### Problem to solve
Find, in the records below, the line that contains "Spray Can Obey x MTN street art" and the line that contains "Post 4 by Barry Baker on Instagram (image)". Copy those two lines and everything between them exactly, but not the pictures.

### Given records
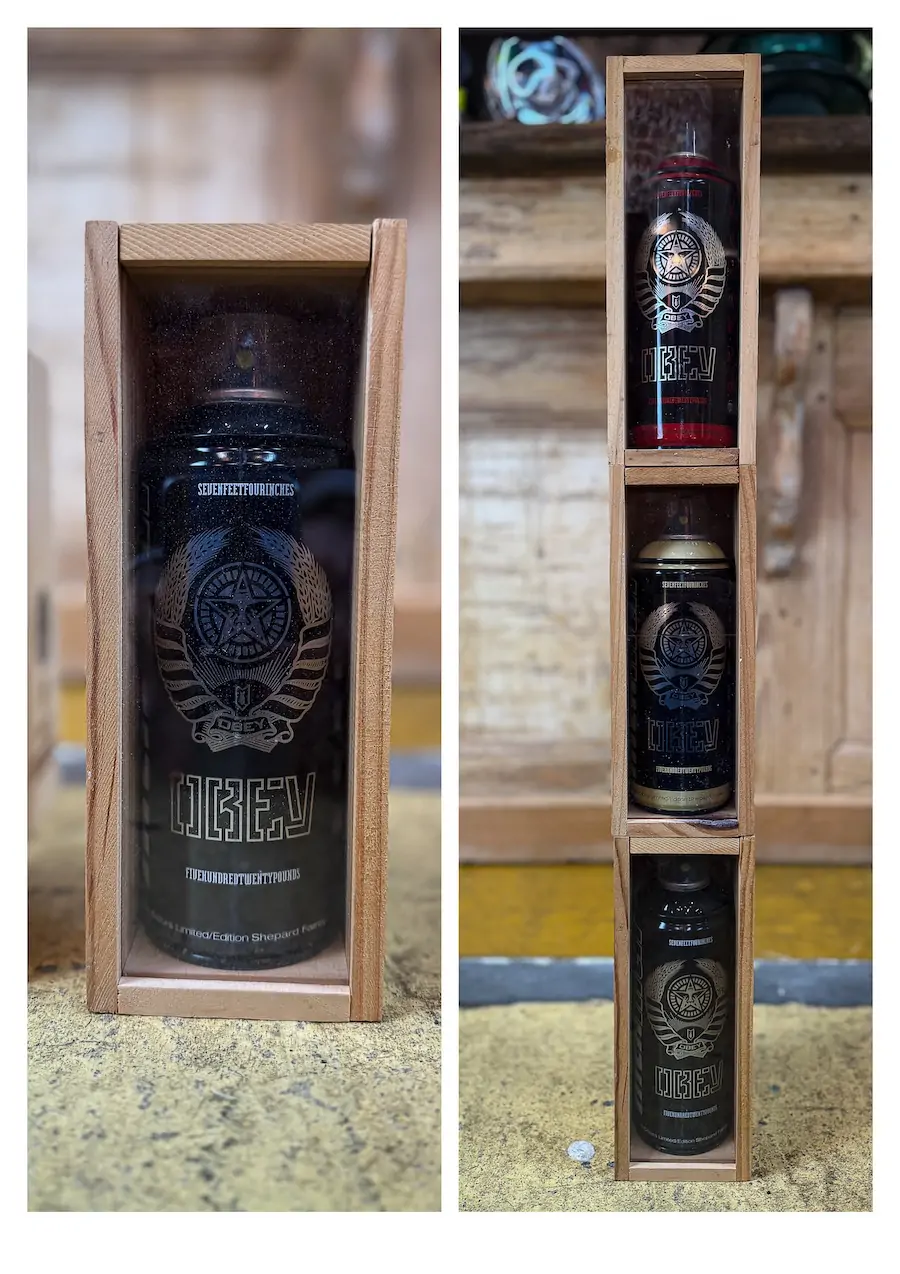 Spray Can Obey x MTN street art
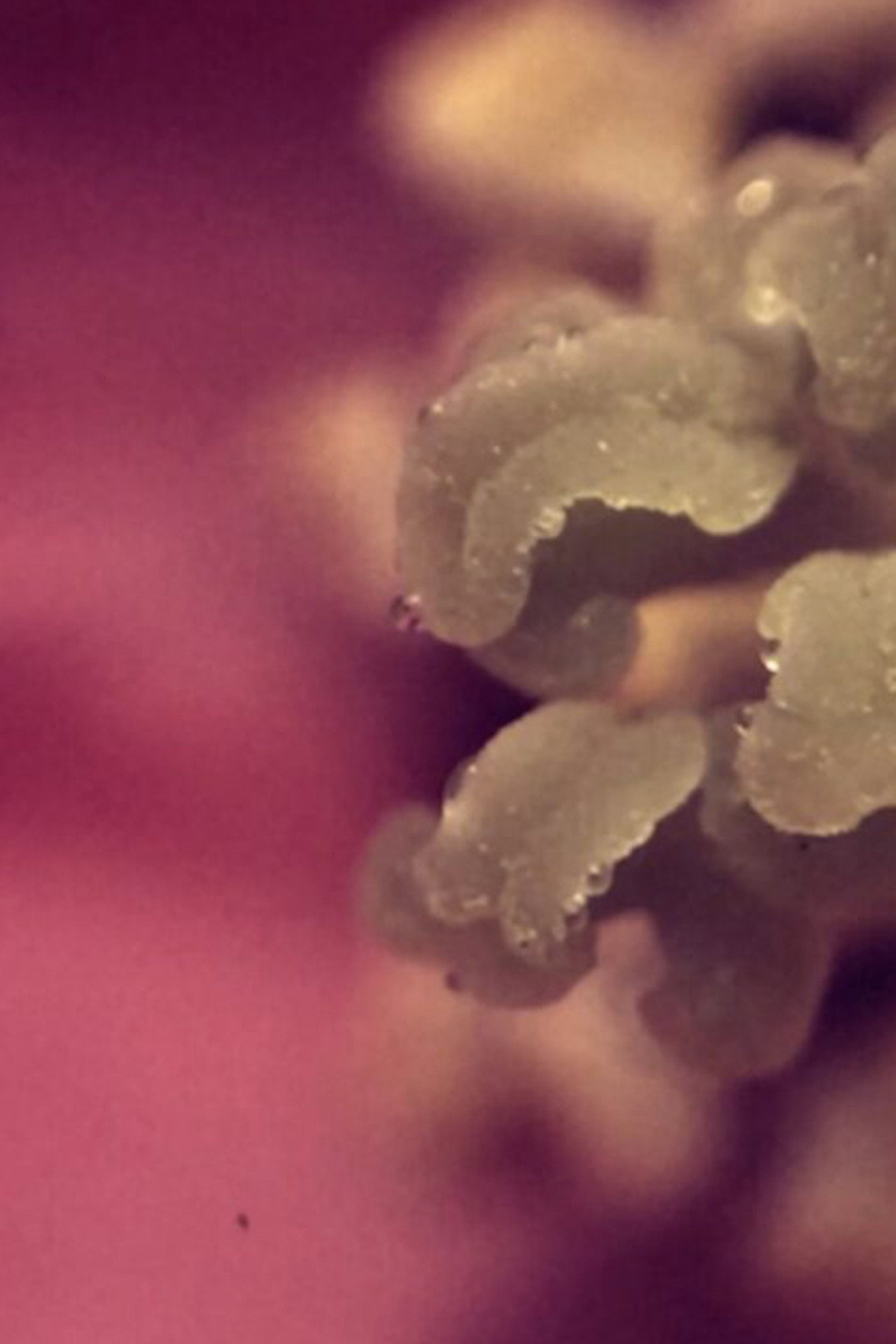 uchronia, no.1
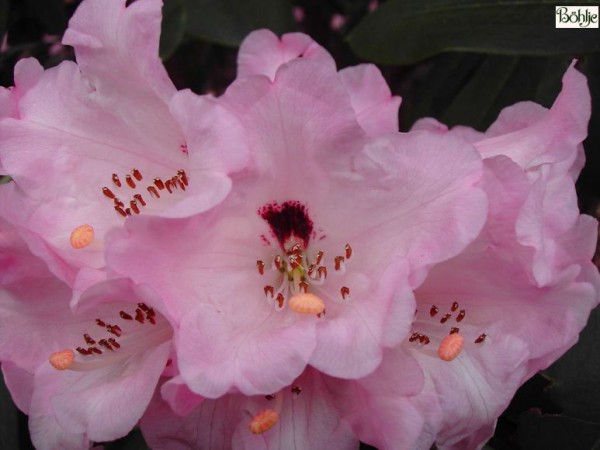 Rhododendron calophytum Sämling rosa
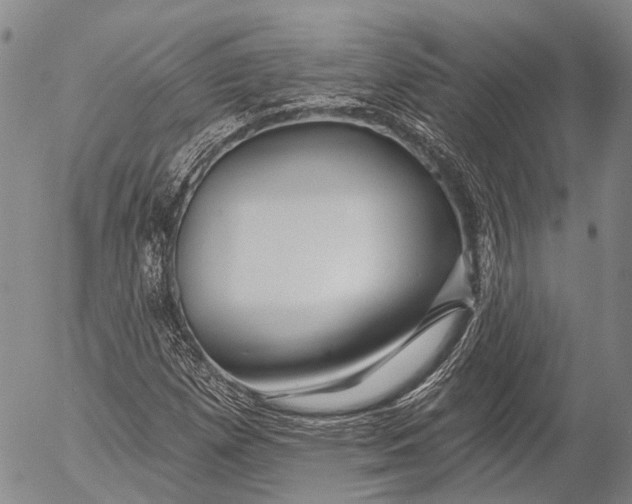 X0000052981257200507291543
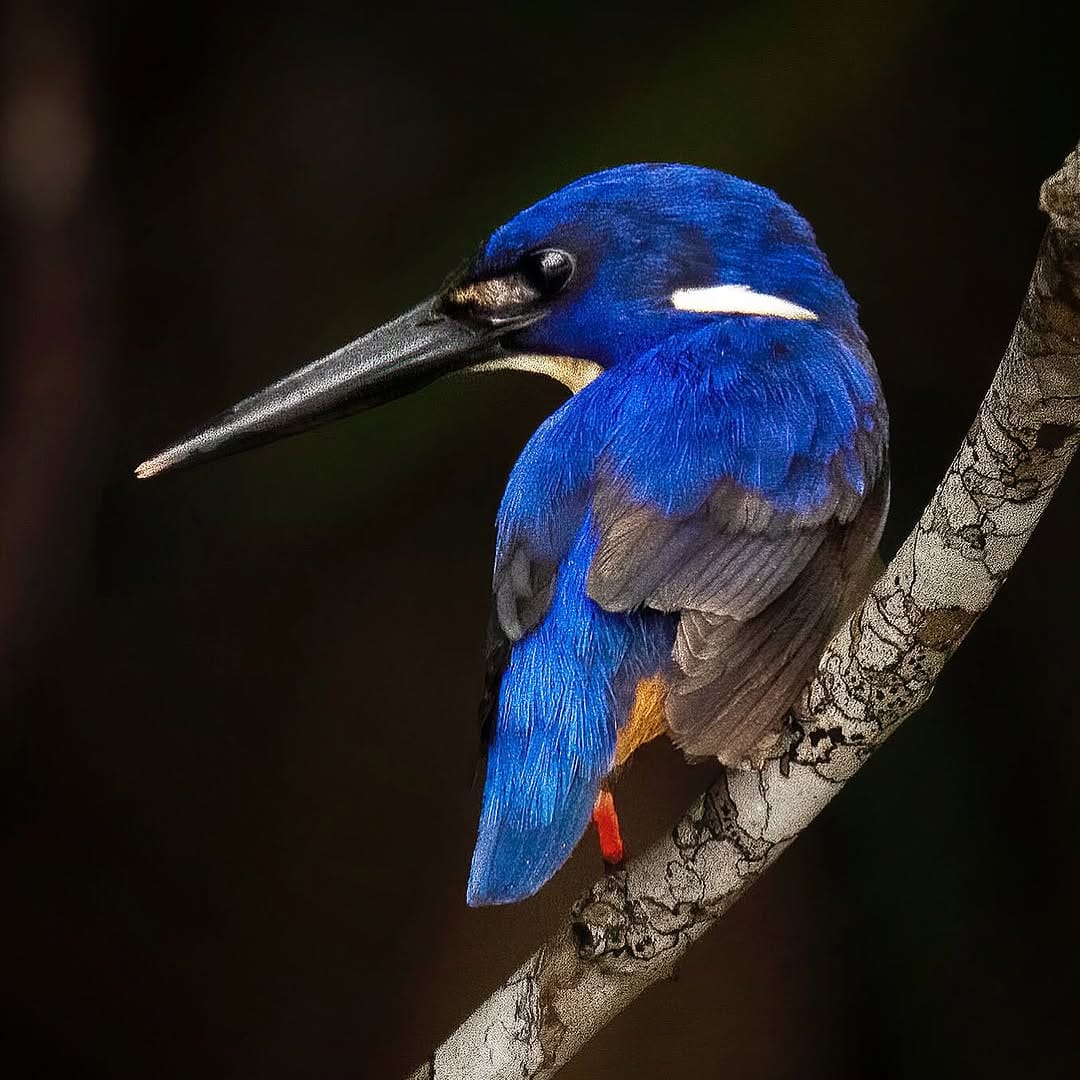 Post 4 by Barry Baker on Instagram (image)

---

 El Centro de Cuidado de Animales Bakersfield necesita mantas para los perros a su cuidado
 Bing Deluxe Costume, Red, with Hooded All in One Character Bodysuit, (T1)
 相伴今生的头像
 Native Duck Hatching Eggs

### Answer to the problem
 Spray Can Obey x MTN street art
 uchronia, no.1
 Rhododendron calophytum Sämling rosa
 X0000052981257200507291543
 Post 4 by Barry Baker on Instagram (image)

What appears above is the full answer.